(Activity): Within this material, find every line where the string "Photo" appears, and copy it out.

..............................

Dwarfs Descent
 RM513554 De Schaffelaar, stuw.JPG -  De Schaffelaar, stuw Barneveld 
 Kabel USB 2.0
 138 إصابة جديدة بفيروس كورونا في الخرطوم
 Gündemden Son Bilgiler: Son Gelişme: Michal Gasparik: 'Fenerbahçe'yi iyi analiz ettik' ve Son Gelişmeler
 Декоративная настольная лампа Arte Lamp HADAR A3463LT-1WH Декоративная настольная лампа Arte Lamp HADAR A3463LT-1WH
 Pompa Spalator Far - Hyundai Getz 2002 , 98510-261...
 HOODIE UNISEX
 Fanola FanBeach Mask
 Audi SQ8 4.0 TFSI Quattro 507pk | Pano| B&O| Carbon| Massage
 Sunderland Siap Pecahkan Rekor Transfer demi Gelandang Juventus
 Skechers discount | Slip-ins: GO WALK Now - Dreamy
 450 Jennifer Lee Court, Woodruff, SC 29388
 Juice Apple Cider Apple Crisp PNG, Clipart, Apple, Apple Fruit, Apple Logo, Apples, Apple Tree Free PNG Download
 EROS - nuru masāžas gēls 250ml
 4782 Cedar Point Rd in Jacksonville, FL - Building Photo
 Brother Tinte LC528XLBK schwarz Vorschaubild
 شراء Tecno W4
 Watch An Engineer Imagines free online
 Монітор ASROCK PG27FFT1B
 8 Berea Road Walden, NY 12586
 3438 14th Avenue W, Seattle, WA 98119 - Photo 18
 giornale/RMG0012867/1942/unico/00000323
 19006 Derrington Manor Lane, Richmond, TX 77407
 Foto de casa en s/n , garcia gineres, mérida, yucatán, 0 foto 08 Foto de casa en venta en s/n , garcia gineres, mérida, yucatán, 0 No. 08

..............................

(Task output):
 4782 Cedar Point Rd in Jacksonville, FL - Building Photo
 3438 14th Avenue W, Seattle, WA 98119 - Photo 18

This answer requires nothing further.